Given material

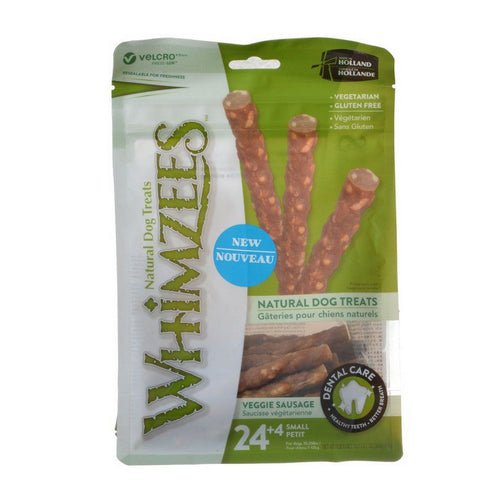 Whimzees Veggie Sausage Sticks 28 Pack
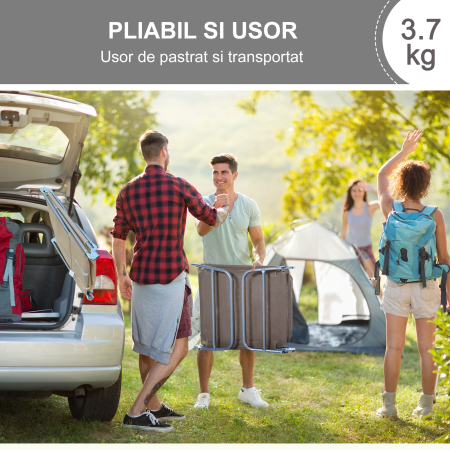  sezlong reglabil, 182x56x28cm, culoare cafea [5]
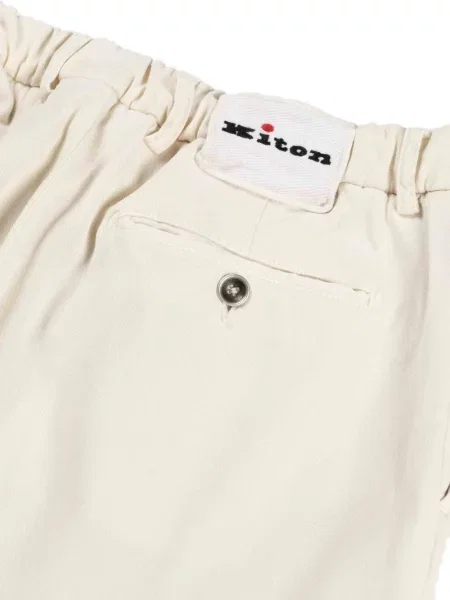 Pantaloni Kiton alb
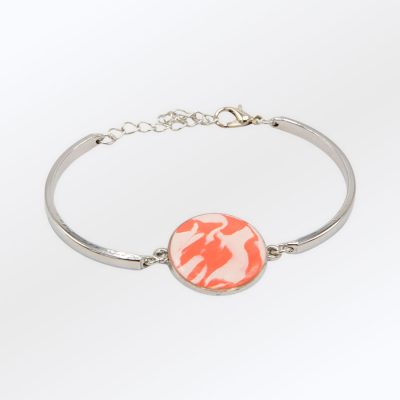 Silver Link Bracelet made from flowers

Work request
Copy every line of the data word for word, omitting the images.

Output of the task
 Whimzees Veggie Sausage Sticks 28 Pack
  sezlong reglabil, 182x56x28cm, culoare cafea [5]
 Pantaloni Kiton alb
 Silver Link Bracelet made from flowers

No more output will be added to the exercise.